Edwards and Hughes under fire after a summer of excess
The club's recruitment team, led by CEO of football Michael Edwards and sporting director Richard Hughes, has drawn sharp criticism. As the source notes, the handling of the transfer window is being questioned, with many wondering how such a large outlay produced a squad that is, by many accounts, worse than before. Edwards, who returned to Anfield this year, and Hughes, in his first summer window, now face the task of proving that their strategy will bear fruit over the season — or risk seeing Liverpool's title defence falter.
What remains unknown: Can a £250m squad still gel?

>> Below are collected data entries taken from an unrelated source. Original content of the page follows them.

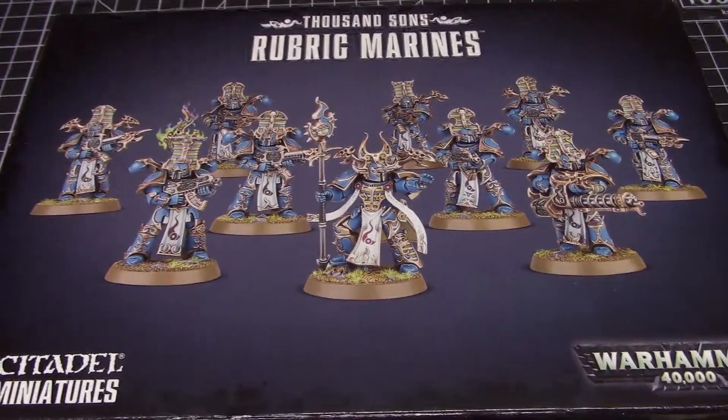Then I might do a series of smaller how-to videos on painting blue, painting gold, or whatever I end up doing on the various other figures. Because if I video painting every single one of these it's going to take forever. But anyways, that's what's in the box.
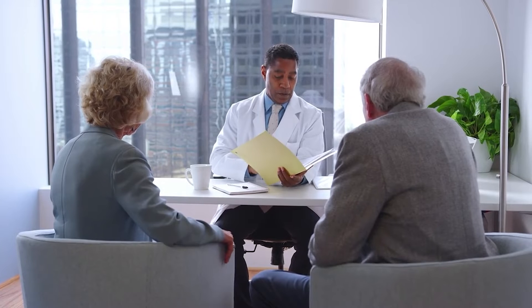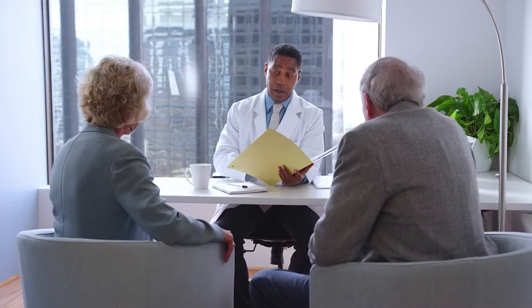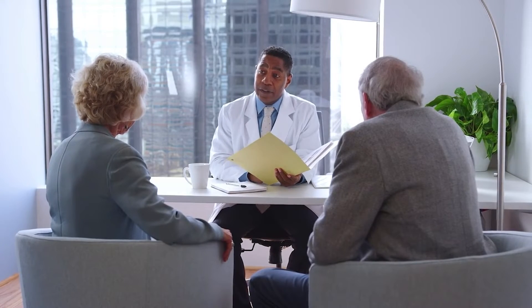If you are determined to be a candidate, you and your caregiver will be provided details about the surgery and any associated risks of LVAD therapy, such as death, bleeding, stroke, and thrombosis, as well as other possible adverse events.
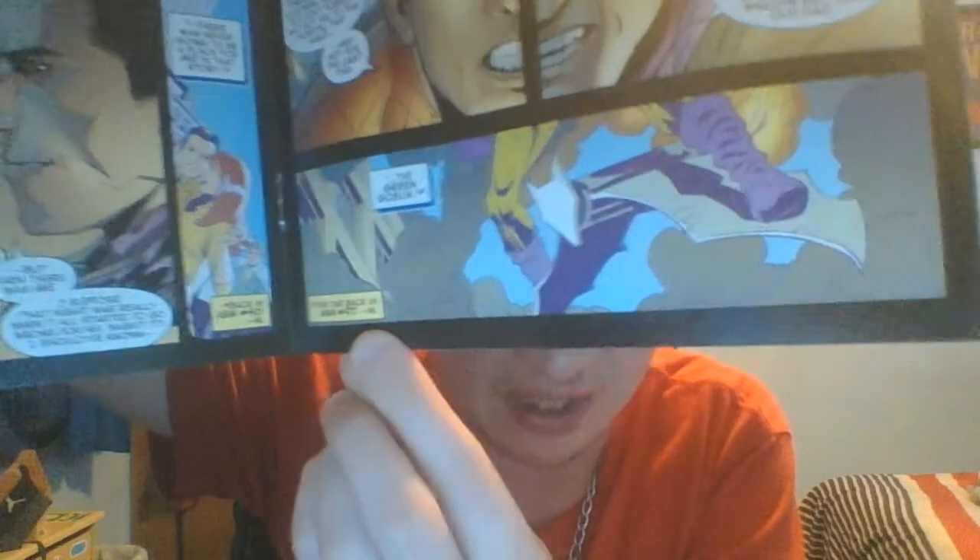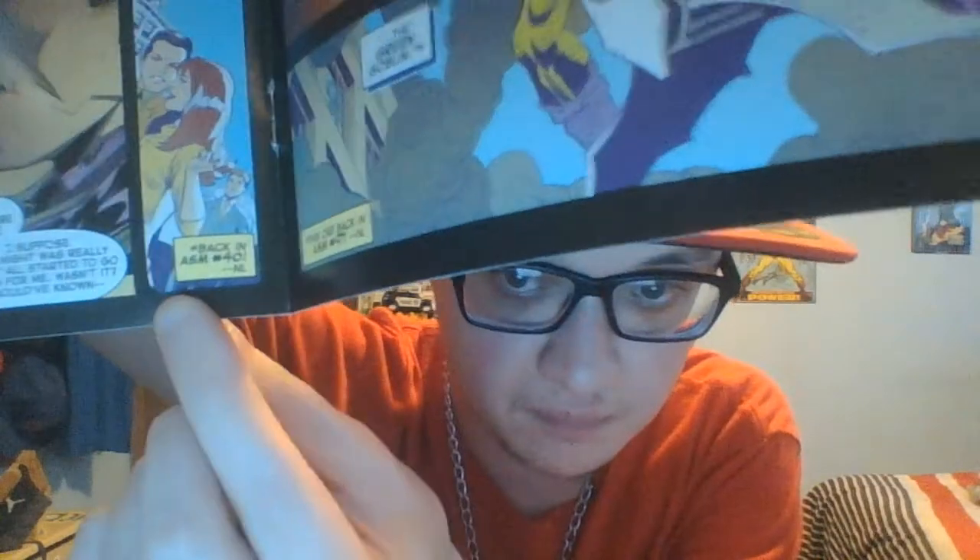Oh, here's another one. This is from Amazing Spider-Man 471 right there. I think this is the John Romita story with the Green Goblin tying up Peter Parker — I think that's the one, correct me if I'm wrong. And then there's this one right here, this little panel, and this is from Amazing Spider-Man 40. So this is before the first appearance of Rhino, which I have right there. This is like an issue before Amazing Spider-Man 40, and this is what Harry looks like — he looks like a zombie.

Open questions persist. It is unclear how Slot plans to deploy Wirtz in a system that already features Salah and Gakpo, and whether Ekitike can adapt to the Premier League's physicality. More broadly, the source does not report on any contingency plan if the squad underperforms in the winter transfer window. The silence from Anfield on whether the signings were Slot's choices or imposed by the recruitment team leaves a key accountability gap.. Until these players start delivering, the narrative of a bloated, unbalanced squad will only grow louder.